Le procès a été intenté contre la Suisse par un groupe de militants à la retraite. Après avoir épuisé toutes les voies de la justice suisse, ils ont décidé de faire appel au tribunal de Strasbourg. La Cour EDH considère que la Suisse a violé la Convention des droits de l'homme en n'agissant pas de manière appropriée contre le changement climatique. Plus précisément, pour « ne pas avoir agi de manière opportune et appropriée pour concevoir, rédiger et appliquer la législation et les mesures pertinentes », en plus de ne pas avoir atteint ses propres objectifs de réduction des émissions de gaz à effet de serre.

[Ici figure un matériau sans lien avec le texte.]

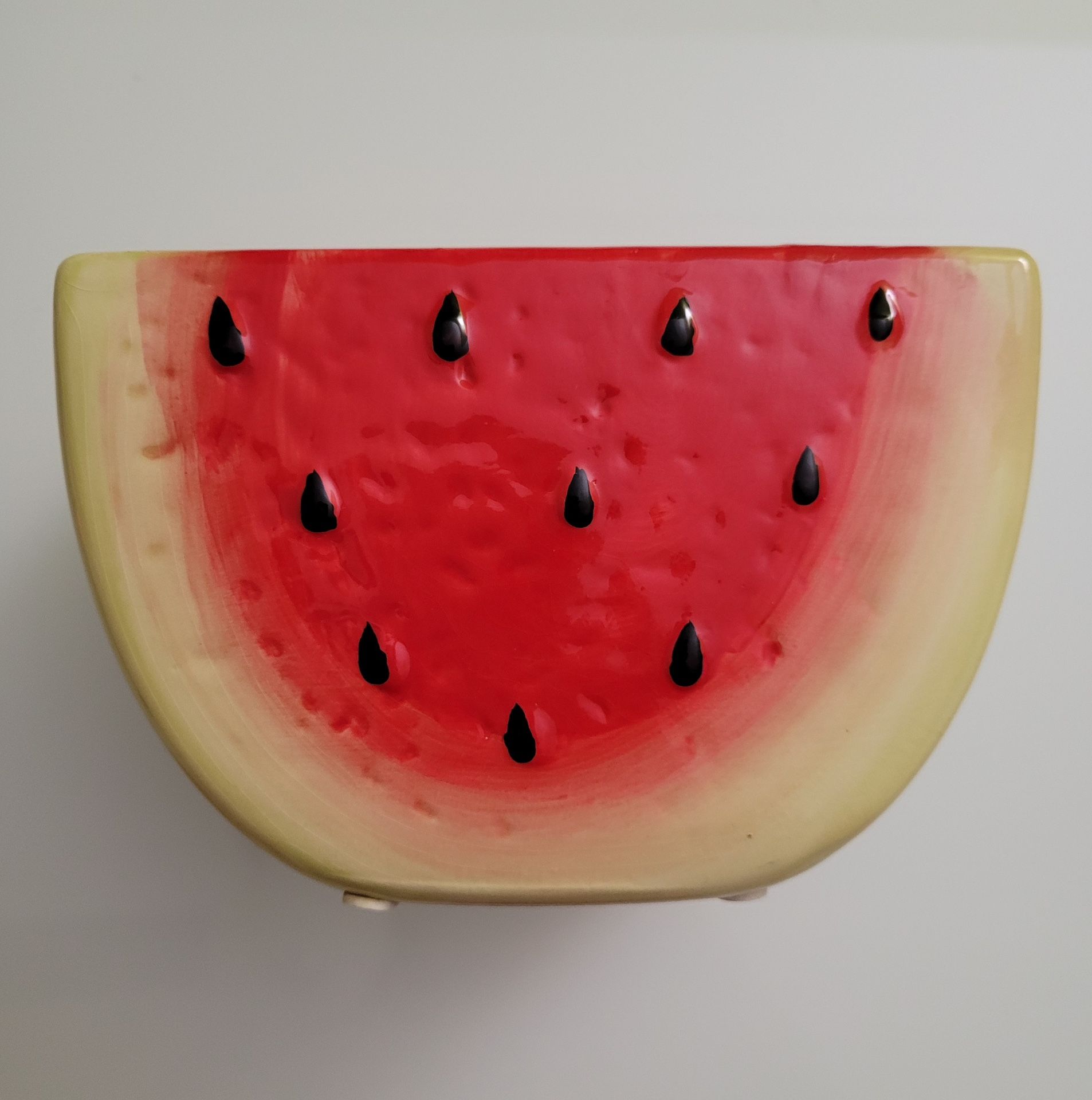 Red and Green Cute Watermelon Planter Pot
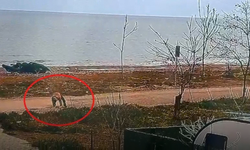 Polisten Kaçan 16 Yıllık Hükümlü Yere Düşünce Yakalandı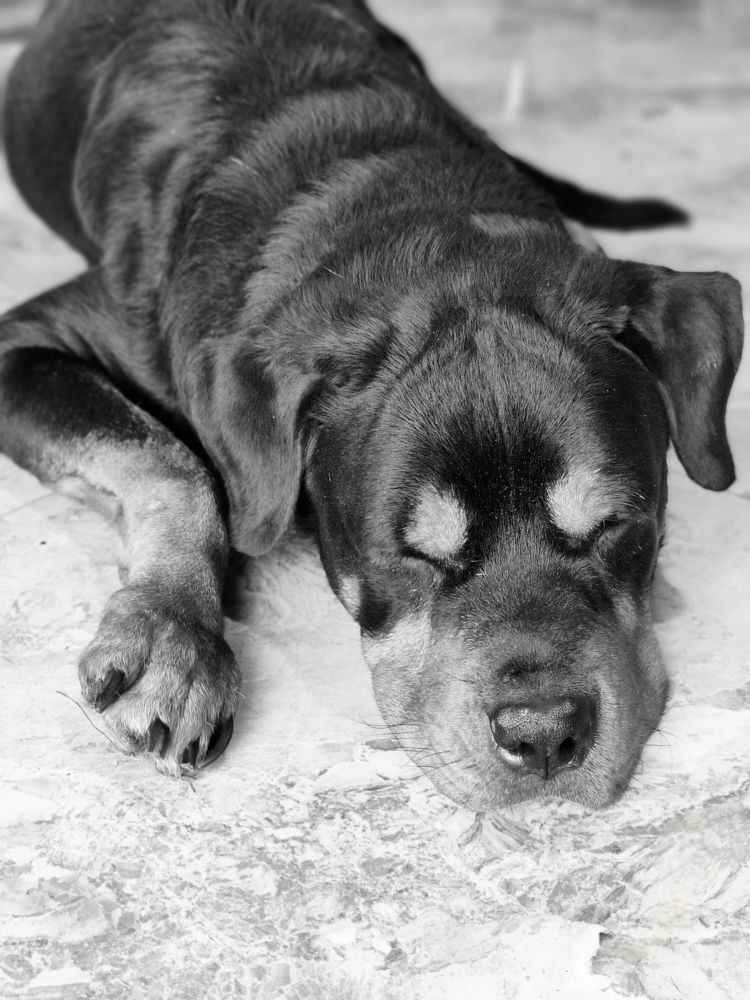 Photo #11589294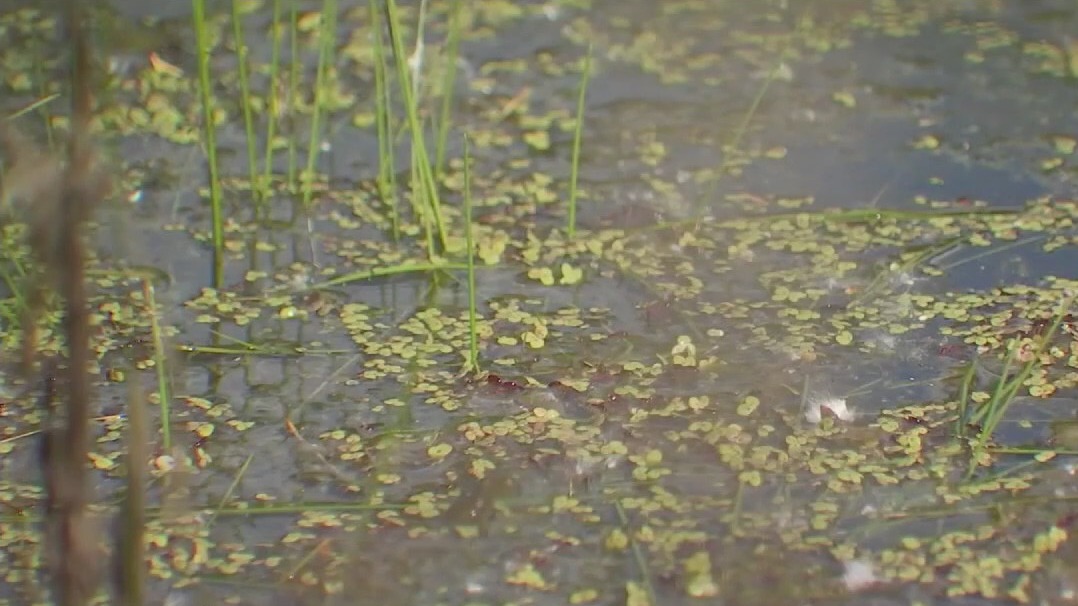 Battling the growing mosquito problem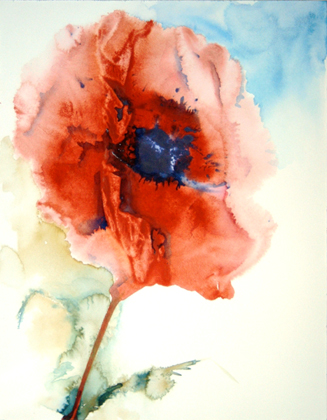 Mohn 2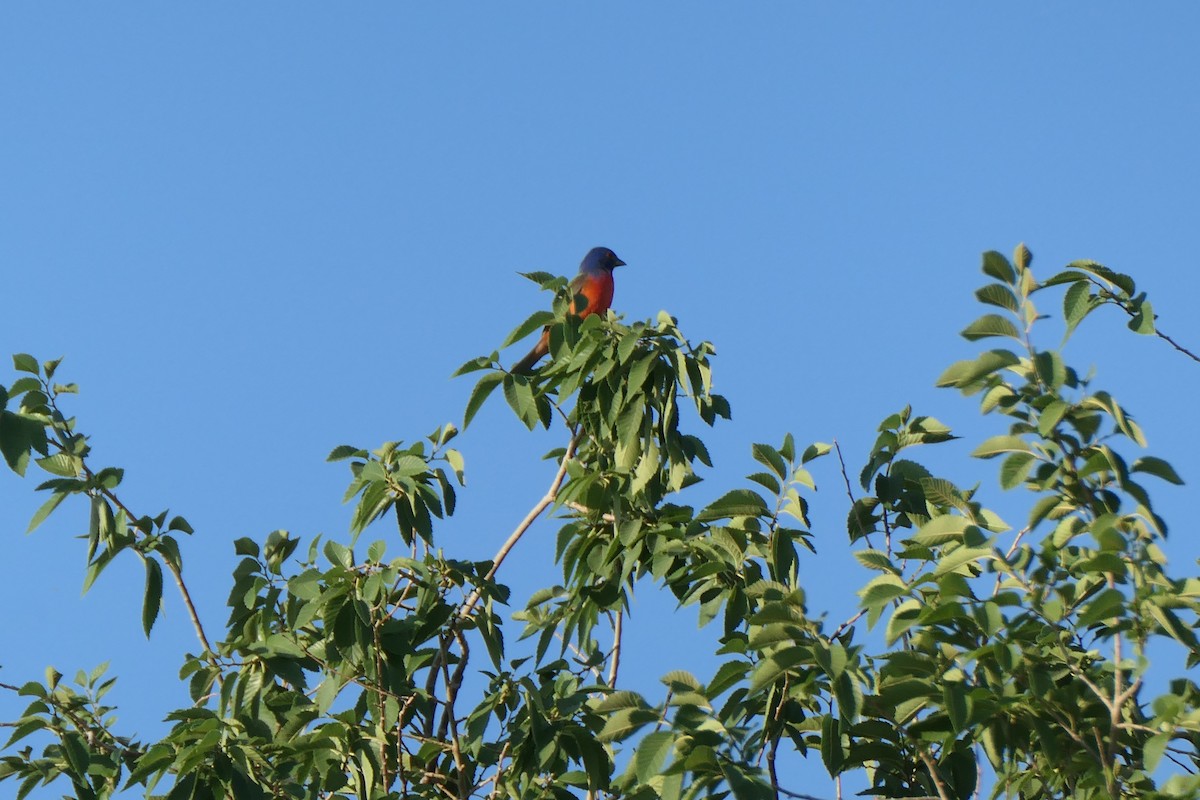 Painted Bunting - ML620060679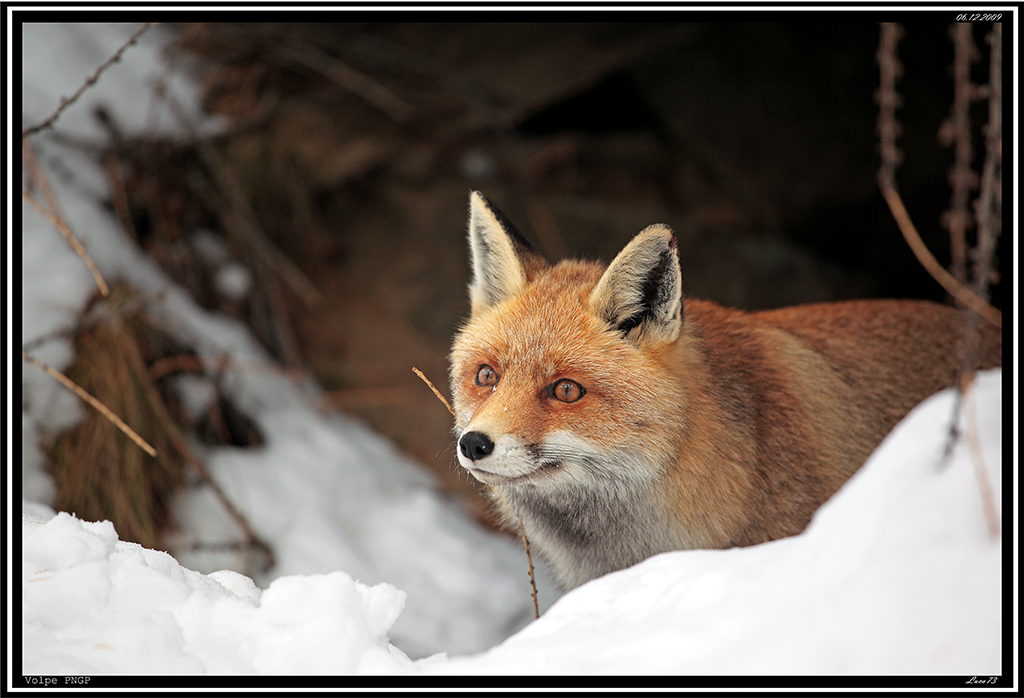 Volpe PNPG # 21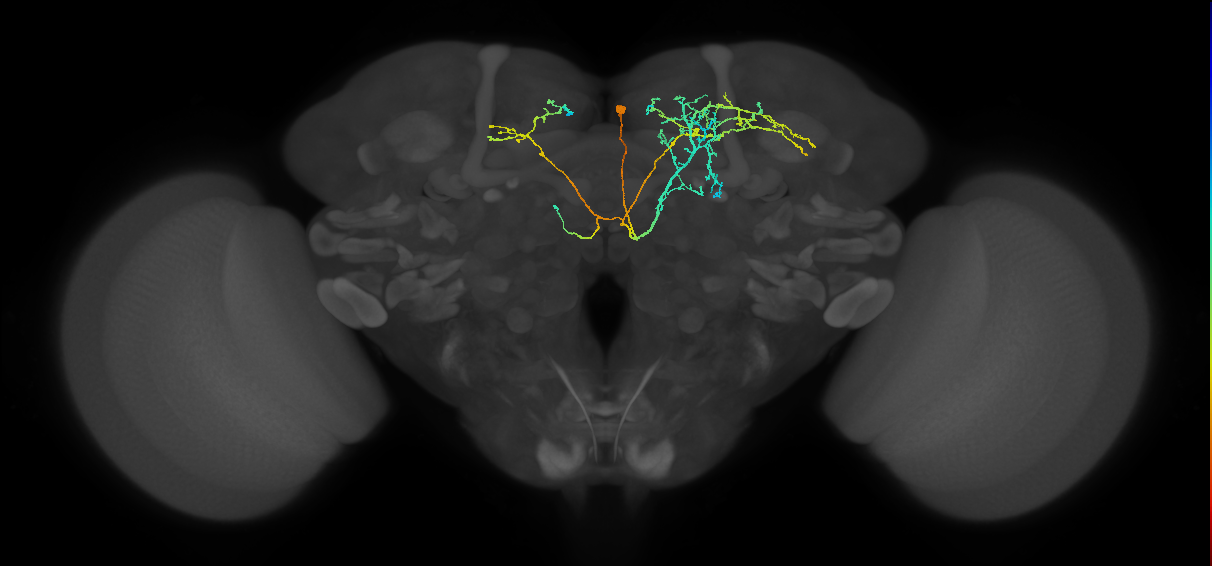 CRE089_R (FlyEM-HB:733399215)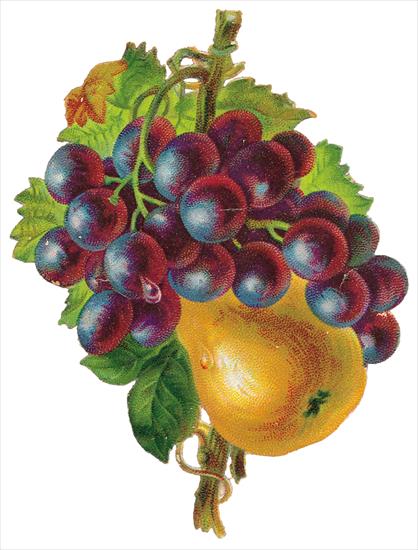   Fruits and Flowers ze starych pocztówek - 223.TIF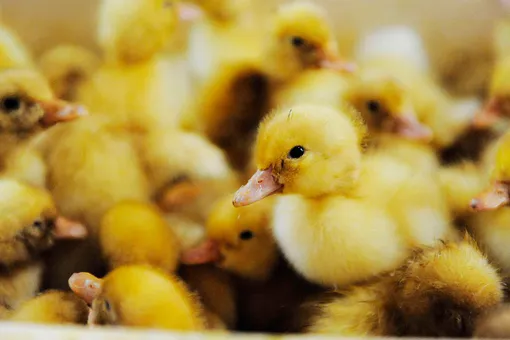 Женщина вырастила трех утят из магазинных яиц, вдохновившись роликом из Youtube Женщина вырастила трех утят из магазинных яиц, вдохновившись роликом из Youtube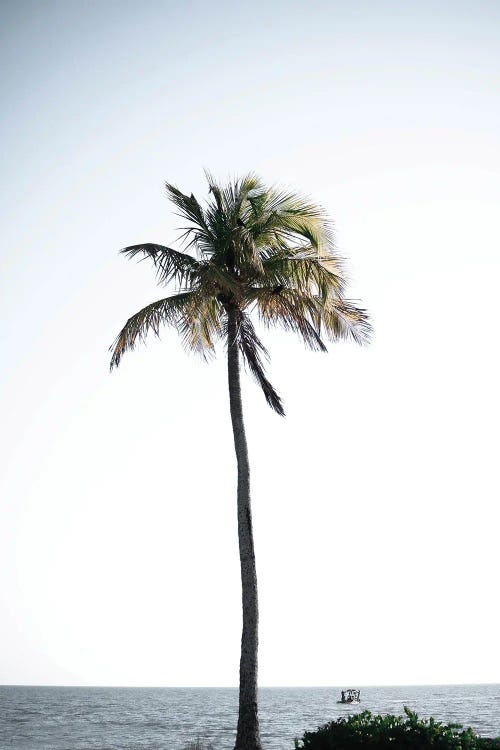 Photograph of a tall palm tree in front of ocean and clear sky by new icanvas creator Teal Production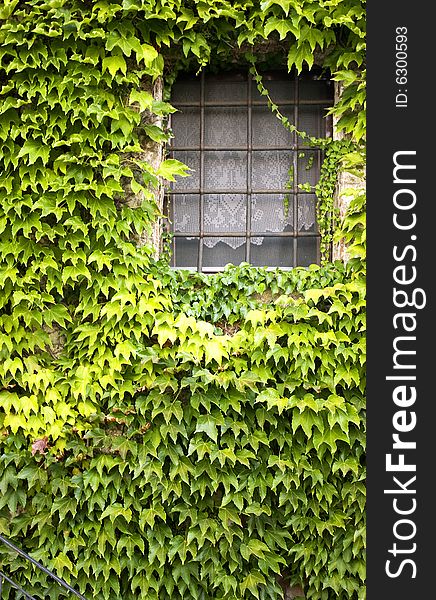 Window covered with climbing green. Window covered with climbing green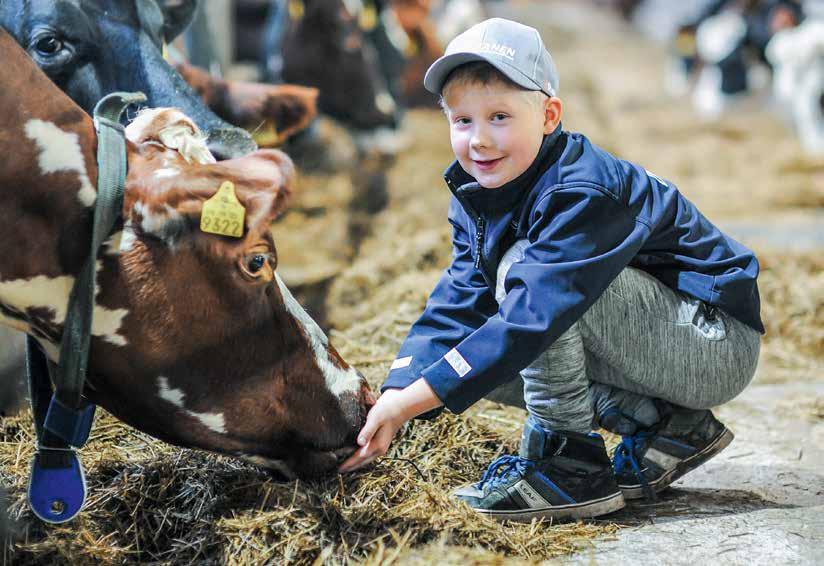 elävästä elämästä Ruokinta on kunnossa, terveydenhuolto pelaa ja tuotos nousee. Ponnistus nousu-uralle Risto Vidgrenin ja Mirja Kervisen laajennuskokemukset ovat tuttuja monille laajentajille.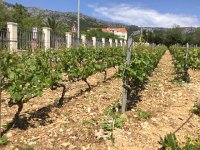 IMG 0777  vines . Zinfandel maybe?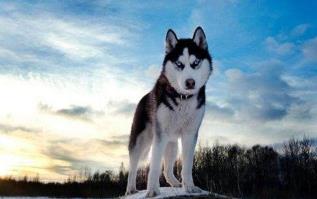 世界六大被公认长的最漂亮的狗狗 你喜欢他们吗 图 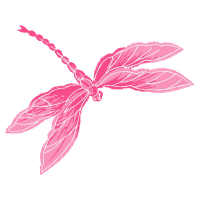 Illustration Animals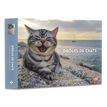 9782755667899-Agenda Calendrier Drôles de chats-P_405166320_1-0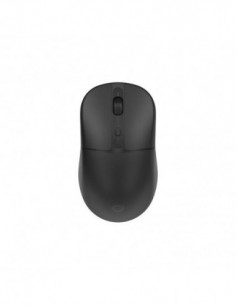 Rato Conceptronic...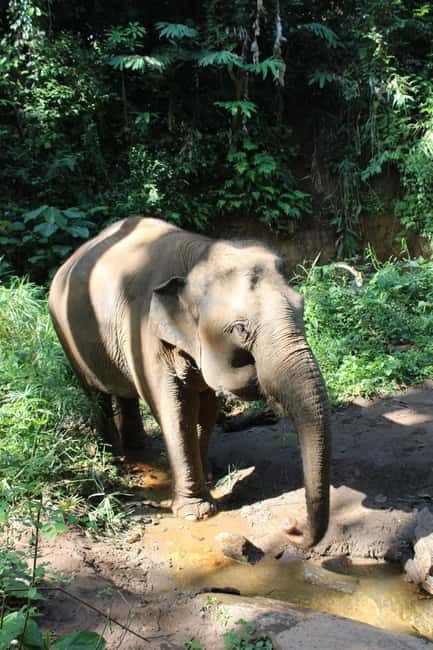 Chiang Mai: Elephants, Waterfall, and White Water Rafting - Rafting 5 km on the Mae Taeng River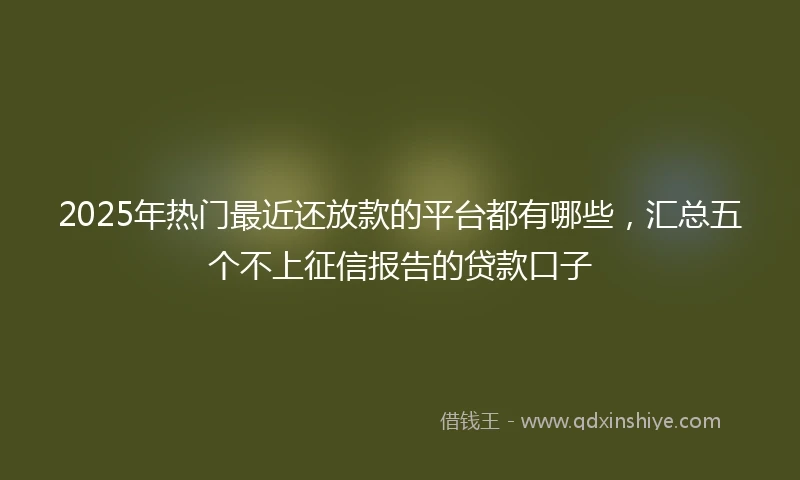2025年热门最近还放款的平台都有哪些，汇总五个不上征信报告的贷款口子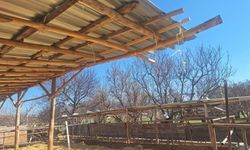 Besi çiftliğinde skandal görüntü! Bilerek mi çamura batırıldı?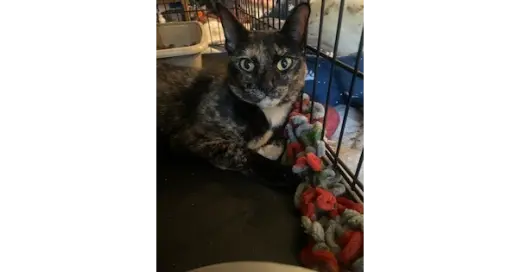 Fiona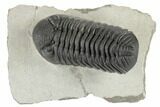 Very Nice, Large, Morocops Trilobite - Excellent Eyes #197134-2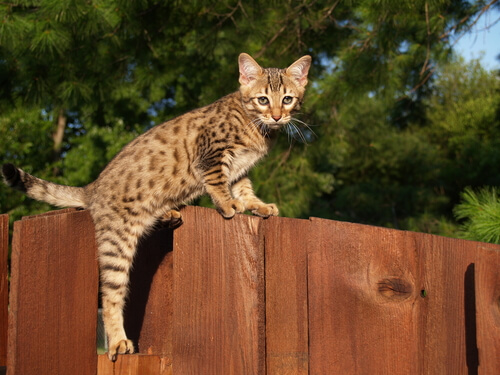 Gato Savannah: comportamiento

Par 16 voix contre une, ce qui donne une idée du consensus juridique, la cour estime que l'article 8 de la convention, qui protège le droit à la vie privée et familiale, a été violé. En outre, il condamne, à l'unanimité, la Suisse pour ne pas avoir respecté l'article 6, qui consacre le droit à un procès équitable, c'est-à-dire à être entendu. Elle estime que les tribunaux suisses n'ont pas « argumenté de manière convaincante pourquoi il n'était pas approprié d'examiner le bien-fondé des allégations » des plaignants. Et ils n’ont pas pris en compte « les données scientifiques incontestables concernant le changement climatique ».
Ces considérations ouvrent la porte à des poursuites similaires dans des pays qui n’agissent pas ou ne respectent pas les objectifs convenus de l’Accord de Paris ou leurs propres réglementations contre le changement climatique. Les plaignants alléguaient que l’inaction du gouvernement constituait une menace pour leur vie, comme le risque de mourir d’une vague de chaleur ou d’autres types de catastrophes liées au changement climatique.
Une action similaire intentée par six jeunes Portugais a été rejetée, mais pour une question formelle lorsque le tribunal a compris que les voies de recours juridictionnelles nationales n'avaient pas été épuisées. Cette affaire aurait eu de plus grandes conséquences, puisqu'elle accusait 32 pays européens. Le jeune Portugais a porté plainte à la suite des grands incendies qui ont dévasté le Portugal en 2017, dont l'un avait fait 64 morts. Les conséquences du changement climatique sont évidentes. Ils vont aller plus loin. Ce précédent donne aux citoyens un outil important contre le déni.